Look for "just" in each line of the records, and copy the lines that have it.

## DATA SUPPLIED
++++
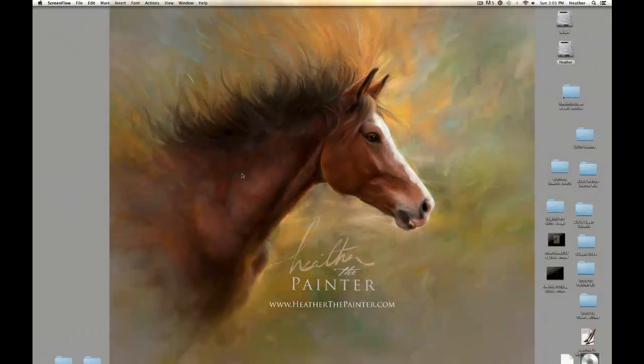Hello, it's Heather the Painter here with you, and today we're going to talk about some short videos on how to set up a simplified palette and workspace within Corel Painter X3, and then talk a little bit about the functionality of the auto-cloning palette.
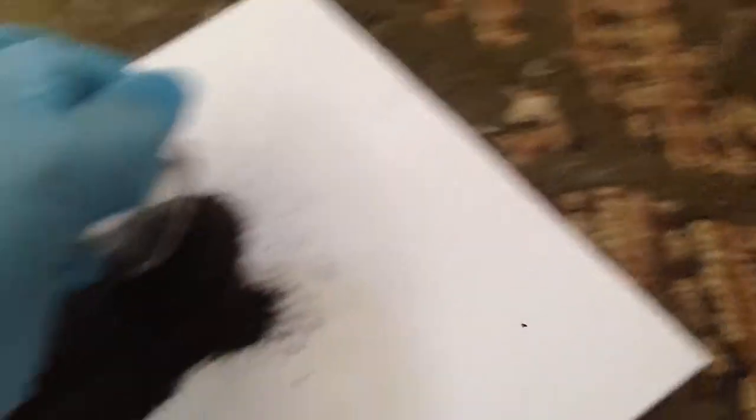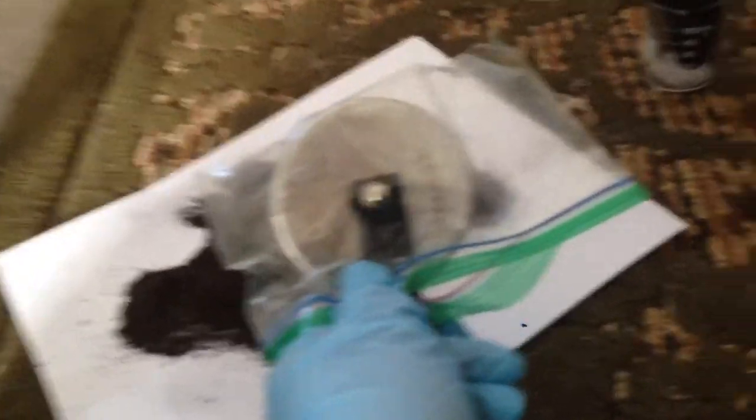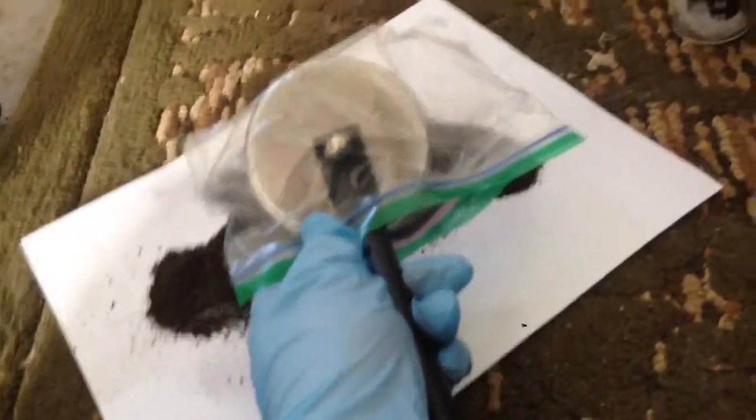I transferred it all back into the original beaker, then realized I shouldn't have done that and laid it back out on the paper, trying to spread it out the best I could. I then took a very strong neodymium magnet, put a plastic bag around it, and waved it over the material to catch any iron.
++++
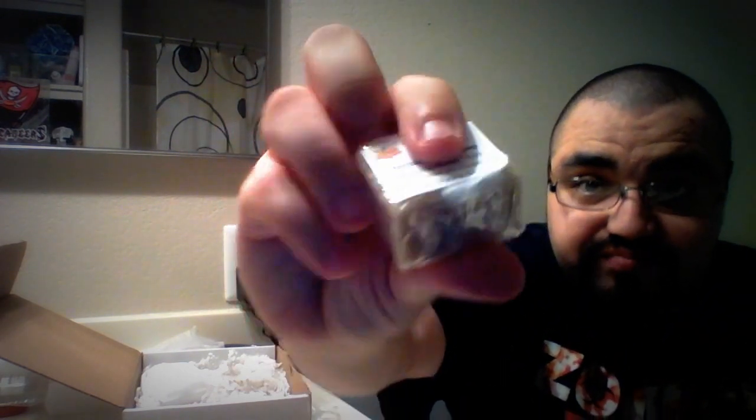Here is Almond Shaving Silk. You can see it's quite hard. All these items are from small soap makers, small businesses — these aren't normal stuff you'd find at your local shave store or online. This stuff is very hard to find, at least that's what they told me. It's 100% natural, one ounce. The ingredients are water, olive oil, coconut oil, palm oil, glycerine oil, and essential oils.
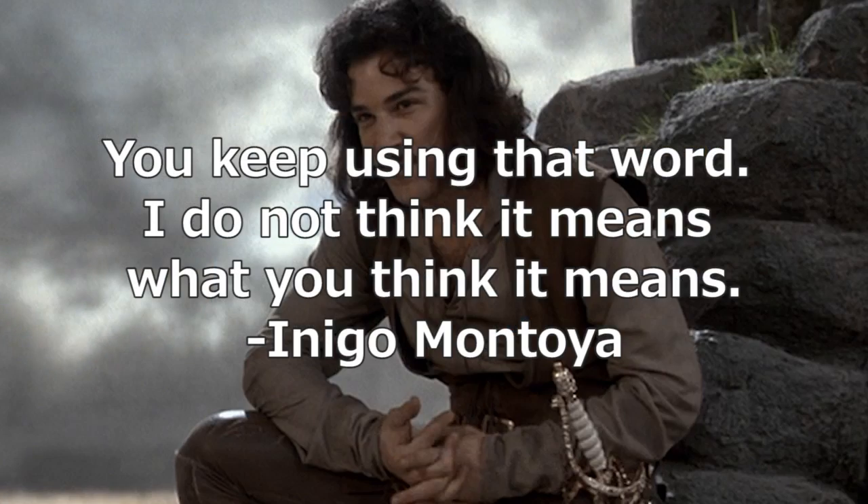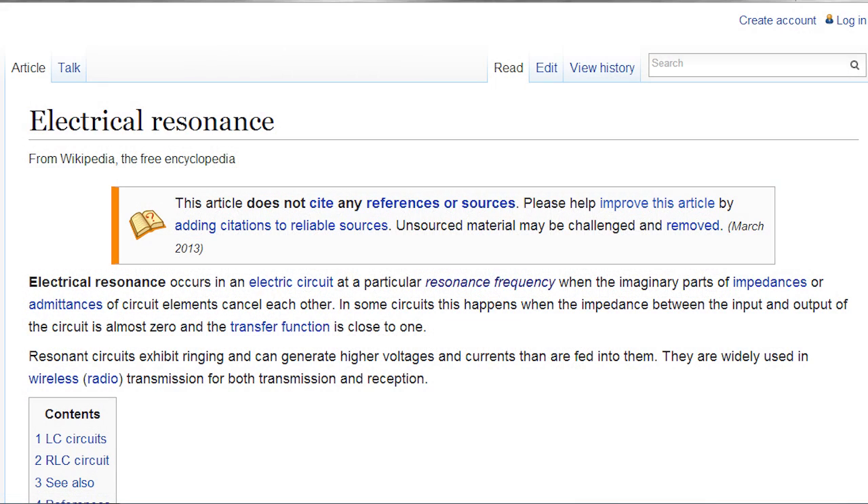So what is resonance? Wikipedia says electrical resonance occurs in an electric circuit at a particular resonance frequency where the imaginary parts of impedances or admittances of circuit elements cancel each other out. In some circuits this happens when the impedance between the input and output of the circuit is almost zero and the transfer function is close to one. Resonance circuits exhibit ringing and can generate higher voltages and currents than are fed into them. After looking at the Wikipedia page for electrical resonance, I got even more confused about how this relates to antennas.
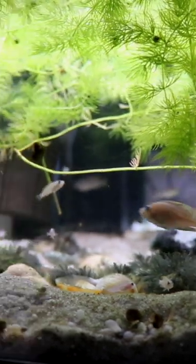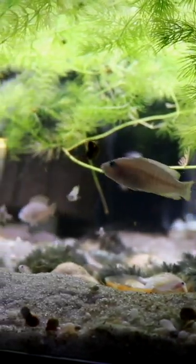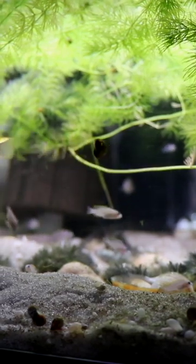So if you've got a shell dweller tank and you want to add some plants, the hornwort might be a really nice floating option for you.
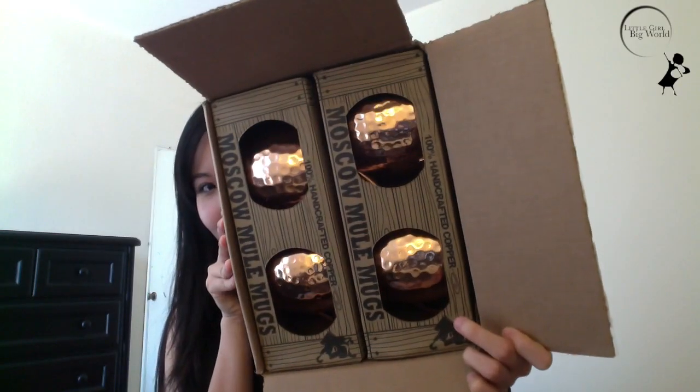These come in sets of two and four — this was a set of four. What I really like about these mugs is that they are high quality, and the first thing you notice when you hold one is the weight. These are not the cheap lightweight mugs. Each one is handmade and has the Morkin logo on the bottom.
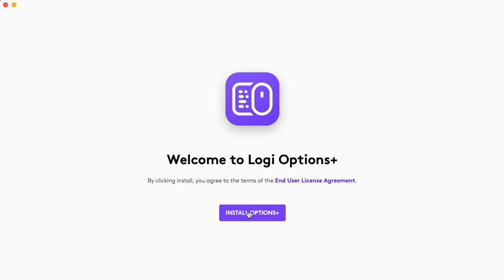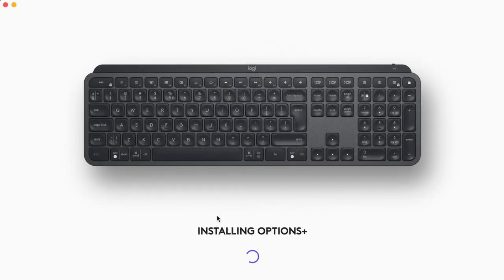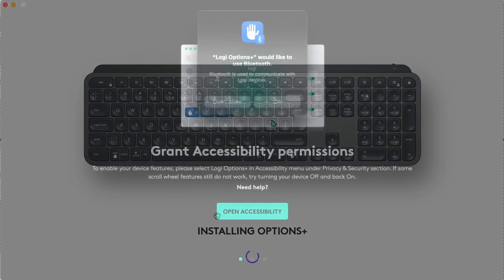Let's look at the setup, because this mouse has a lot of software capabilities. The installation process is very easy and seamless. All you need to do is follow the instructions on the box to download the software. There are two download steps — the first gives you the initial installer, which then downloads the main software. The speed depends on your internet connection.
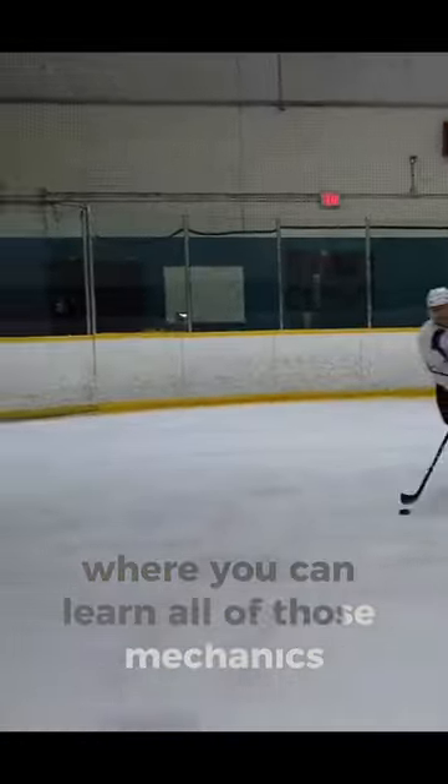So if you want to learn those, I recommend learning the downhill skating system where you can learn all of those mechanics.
++++
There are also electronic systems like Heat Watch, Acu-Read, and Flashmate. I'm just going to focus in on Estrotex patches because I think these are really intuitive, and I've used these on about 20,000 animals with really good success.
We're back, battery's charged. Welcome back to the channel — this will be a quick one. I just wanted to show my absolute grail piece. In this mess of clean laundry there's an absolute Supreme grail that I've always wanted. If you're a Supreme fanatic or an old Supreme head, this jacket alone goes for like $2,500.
++++
## EXPECTED OUTPUT
There are also electronic systems like Heat Watch, Acu-Read, and Flashmate. I'm just going to focus in on Estrotex patches because I think these are really intuitive, and I've used these on about 20,000 animals with really good success.
We're back, battery's charged. Welcome back to the channel — this will be a quick one. I just wanted to show my absolute grail piece. In this mess of clean laundry there's an absolute Supreme grail that I've always wanted. If you're a Supreme fanatic or an old Supreme head, this jacket alone goes for like $2,500.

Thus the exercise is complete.